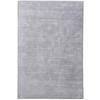 HANDWEBTEPPICH 65/135 cm Silberfarben  - Silberfarben, Basics, Textil (65/135cm) - Tom Tailor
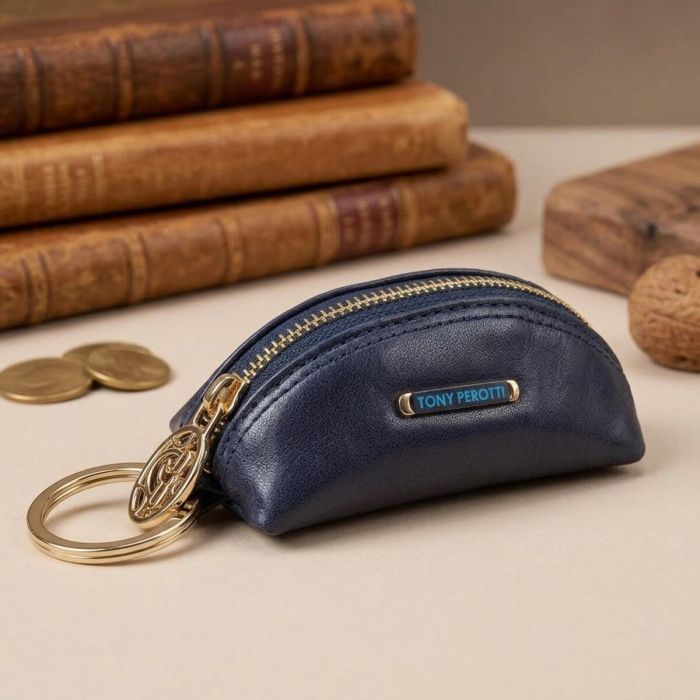 Ключница-брелок Tony Perotti Top Kapi KR-186 navy (90013) Синяя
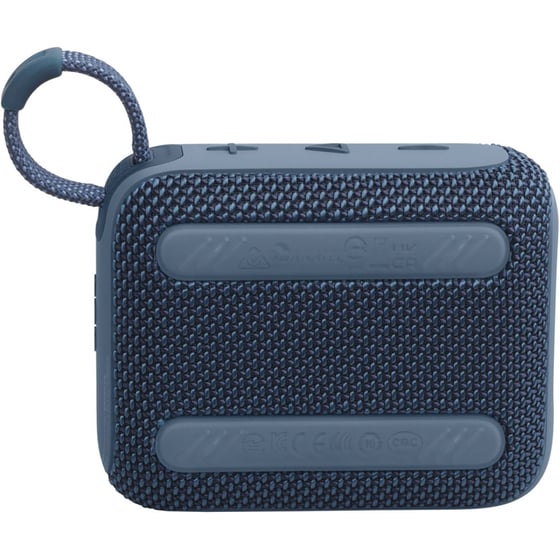 JBL Go 4 Φορητό Ηχείο 4.2W - Μπλε image 5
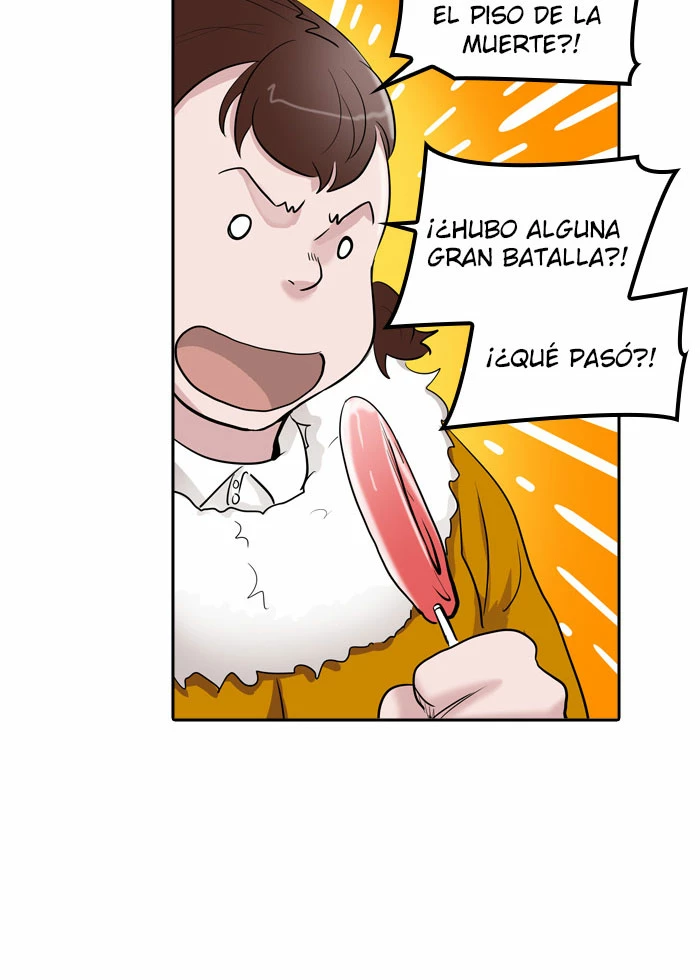El irregular capítulo 340, página 97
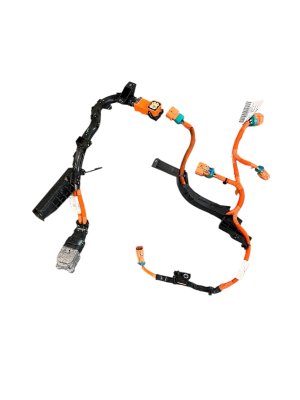 2021-2024 Ford Mustang Mach-E High Voltage Battery Cable Wiring Harness (Used OEM)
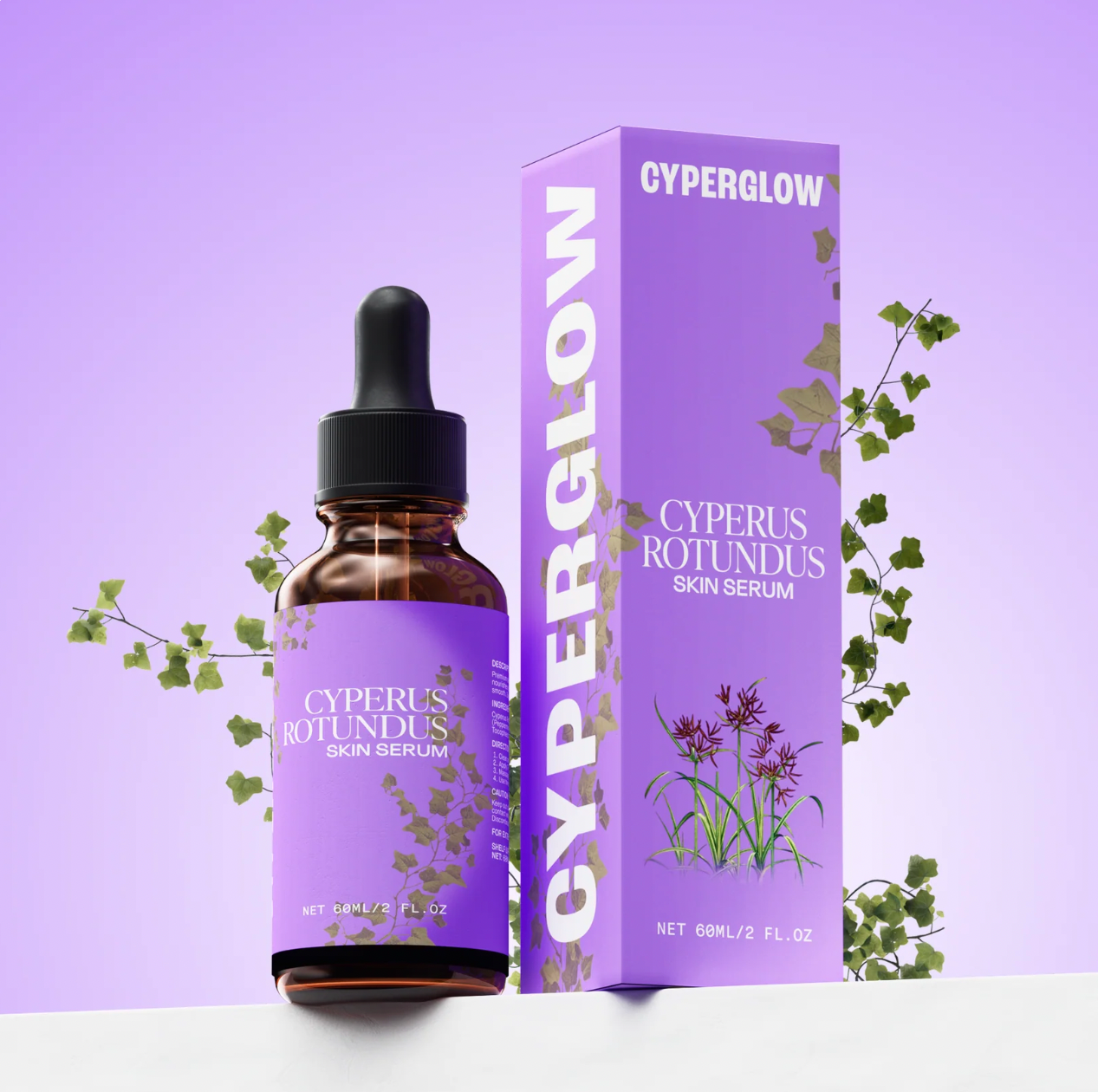 Skinora Cyperus Rotundus Skin Serum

__________________________________________________

ACTIVITY: Please print the span that begins at the line holding "JBL Go 4 Φορητό Ηχείο 4.2W - Μπλε image 5" and ends at the last line of the data, both ends included, with no pictures.

SOLUTION FOR THIS EXERCISE:
 JBL Go 4 Φορητό Ηχείο 4.2W - Μπλε image 5
El irregular capítulo 340, página 97
 2021-2024 Ford Mustang Mach-E High Voltage Battery Cable Wiring Harness (Used OEM)
 Skinora Cyperus Rotundus Skin Serum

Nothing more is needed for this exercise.